* EXERCISE INSTRUCTIONS *
Every line of the data should be written out exactly, with the pictures left out.

* DATASET SECTION *
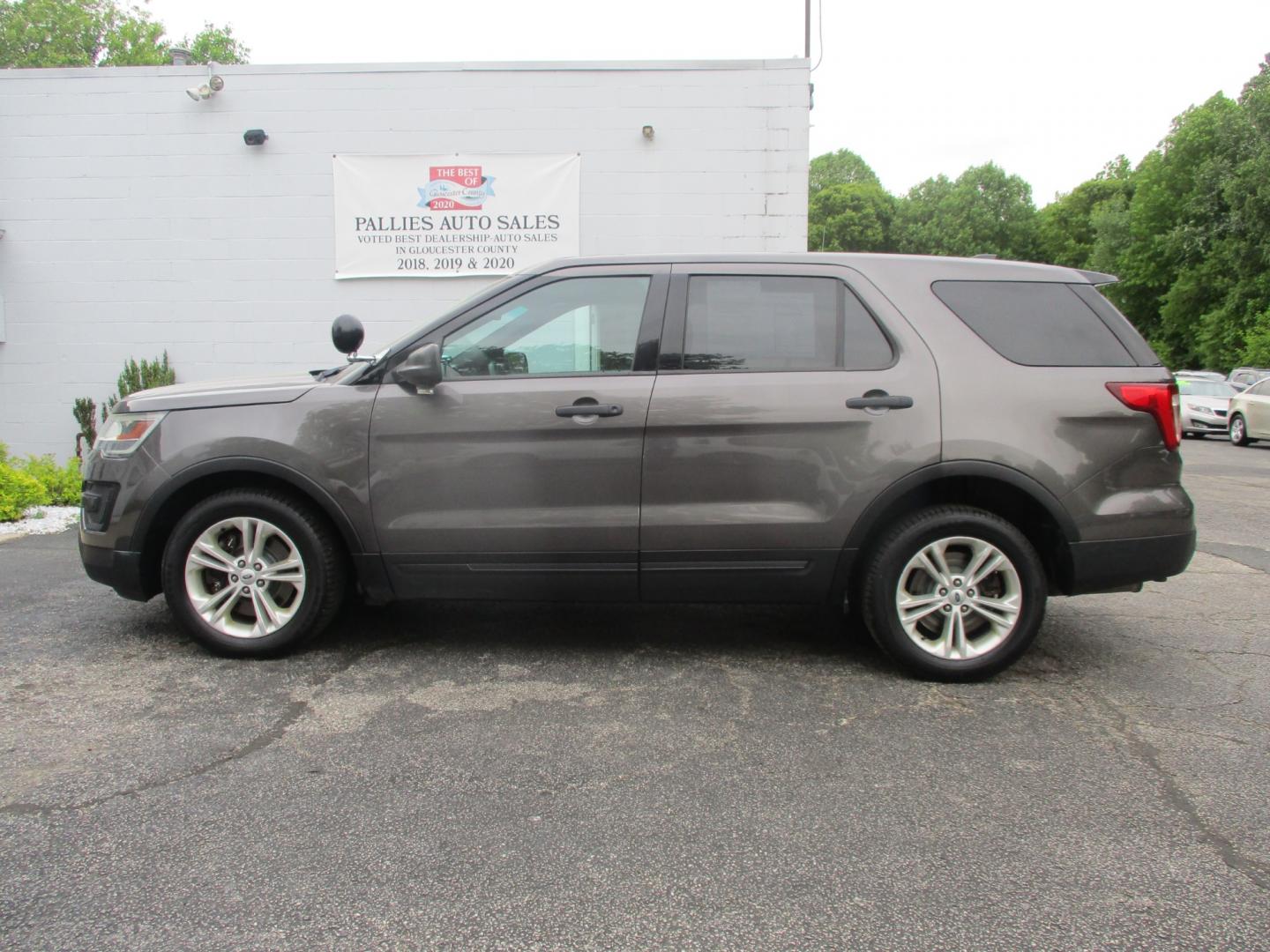 2017 GRAY Ford Explorer (1FM5K8AR3HG) , AUTOMATIC transmission, located at 540a Delsea Drive, Sewell, NJ, 08080, (856) 589-6888, 39.752560, -75.111206 - Photo#2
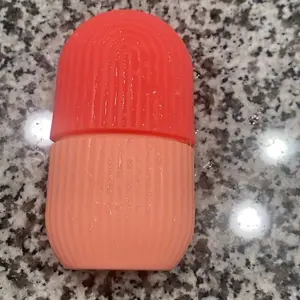 Product Review of Ice Face Roller, DIY Face Massage Roller, Facial Ice Roller for Face, Eyes & Joints, Ice Compress Skin Care Tool for Women & Men, Facial Care Tools from N**💕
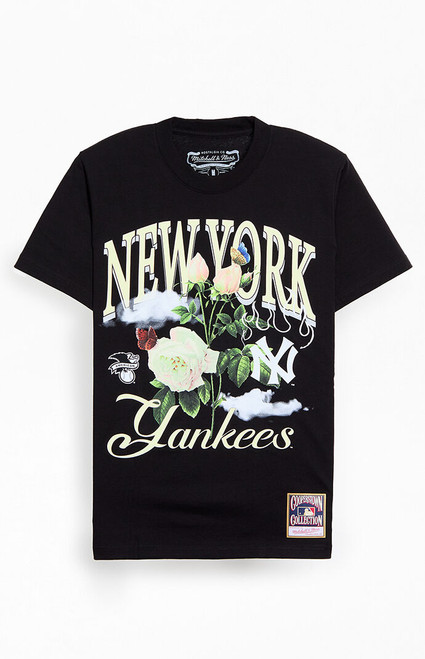 Mitchell & Ness Men's Yankees Floral T-Shirt - 0097514810462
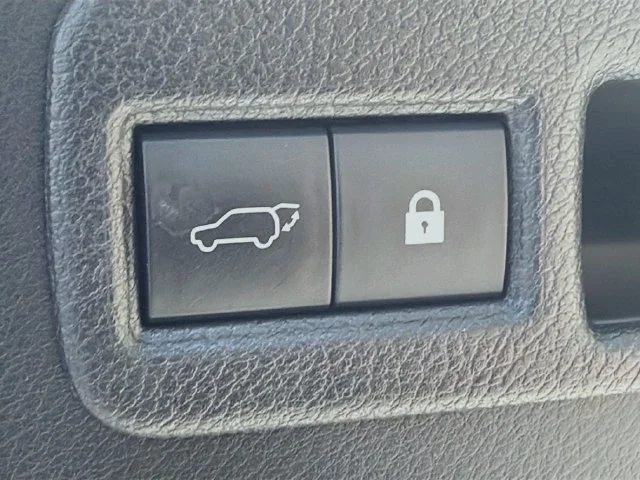 Used 2021 White Pearl Lexus NX 300 image 13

* RESPONSE AREA *
 2017 GRAY Ford Explorer (1FM5K8AR3HG) , AUTOMATIC transmission, located at 540a Delsea Drive, Sewell, NJ, 08080, (856) 589-6888, 39.752560, -75.111206 - Photo#2
 Product Review of Ice Face Roller, DIY Face Massage Roller, Facial Ice Roller for Face, Eyes & Joints, Ice Compress Skin Care Tool for Women & Men, Facial Care Tools from N**💕
 Mitchell & Ness Men's Yankees Floral T-Shirt - 0097514810462
 Used 2021 White Pearl Lexus NX 300 image 13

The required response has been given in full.